On a secular level, the threat presented to the estate system by the newly constituted civil service and the loss of numerous privileges turned large portions of the landed nobility into fierce opponents of the Josephine reforms. Indeed, it was not without reason that the estates had formed the basis of the structure of social order at the time. Naturally, within this estate system and in the state constitution, the nobility who continually insisted on the preservation of their privileges was dominant. The participation of the estates and the autonomy of the states were key elements of the political system of the Hapsburg monarchy. As Josephinism shook these foundations of the existing social order, it was inevitable that conflicts of interest would emerge.

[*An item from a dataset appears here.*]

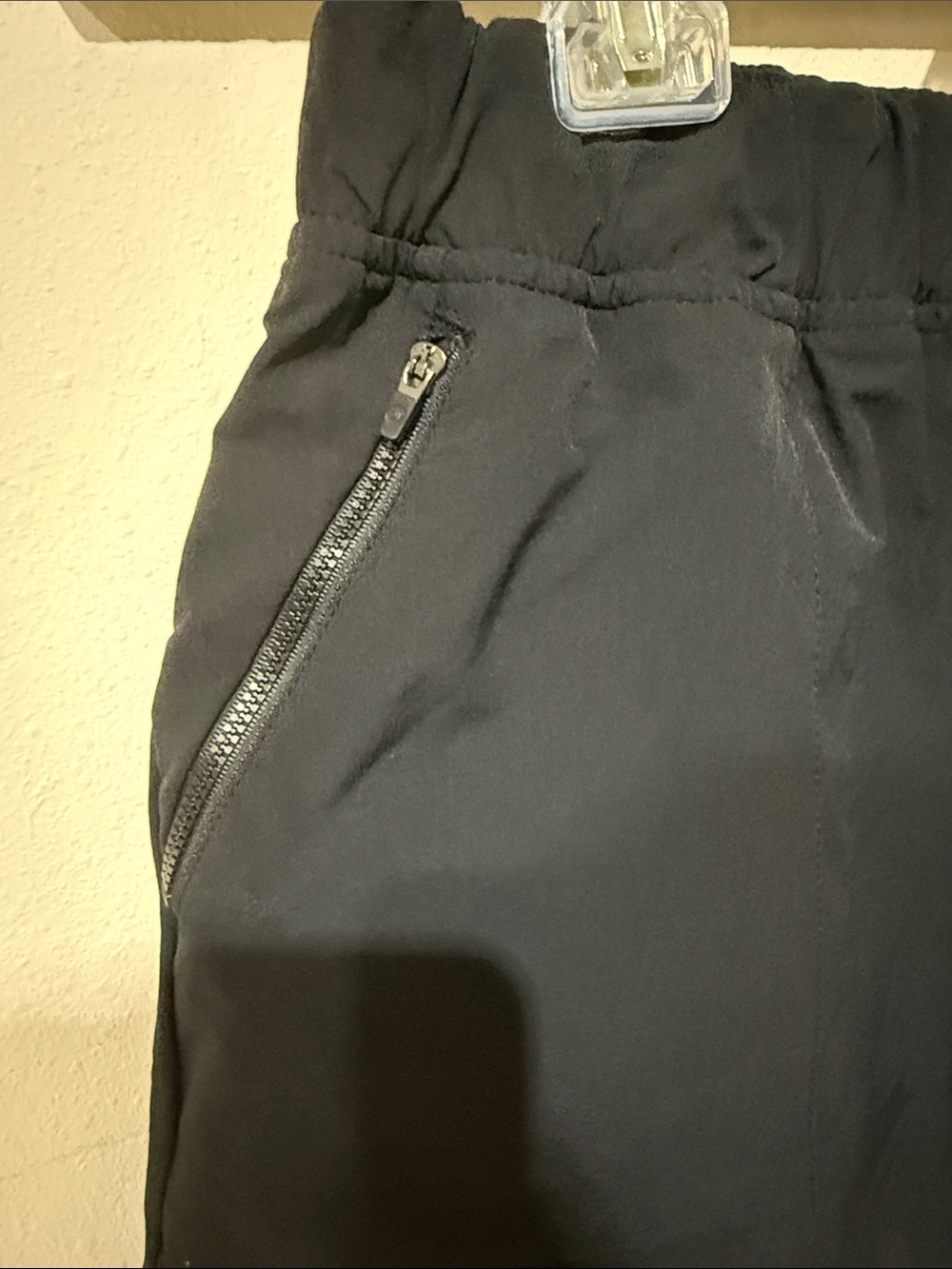 NWT Outdoor Voices Black RekTrek Shorts - Picture 4 of 7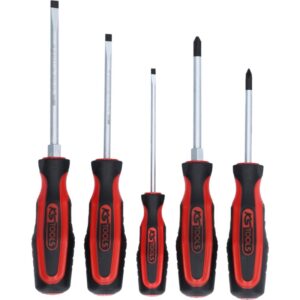 5 dalių atsuktuvų rinkinys KS TOOLS 159.0005 - Image 2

These squabbles ultimately culminated in the conflict over the patent on taxes and rents on February 2, 1789. On the other side of the coin, there were also noblemen who actually supported the reform movement, but more detailed research still needs to be done in order to understand their role in these conflicts. By adopting a more differentiated approach, Project D02 clearly questions the validity of commonly held assumptions as to the homogeneity of the different groups involved in these conflicts. While looking at how the perceptions of threat generated notions of inclusion as well as exclusion, it also takes intermediary and extreme positions into account. Furthermore, the project examines the role that conspiracy theories certainly played in the dramatisation of threat scenarios. While some Josephine reformers surmised that a conspiracy of "ex-Jesuits" was at the root of the critical attacks, many Catholic clergymen believed that "freemasonry" was the catalyst behind the supposed evil that they faced.
Project D02 encompasses the dissertation projects of Dennis Schmidt and Philip Steiner, both of which promise to make a substantial contribution to scholarship on the Hapsburg Empire. Dennis Schmidt examines the conflict between Joseph II and the Inner Austrian clergy, while Philip Steiner more closely analyses the attitude of the Inner Austrian nobility toward the Josephine reforms. Both dissertations look specifically at experiences of threat, perceptions of threat, threat constellations, and the languages of threat used by actors representing different interests and, respectively, competing notions of social order.
In order to shed new light on this field of research, months of research in archives and libraries in Vienna, Graz, Salzburg, Klagenfurt and Ljubljana are planned.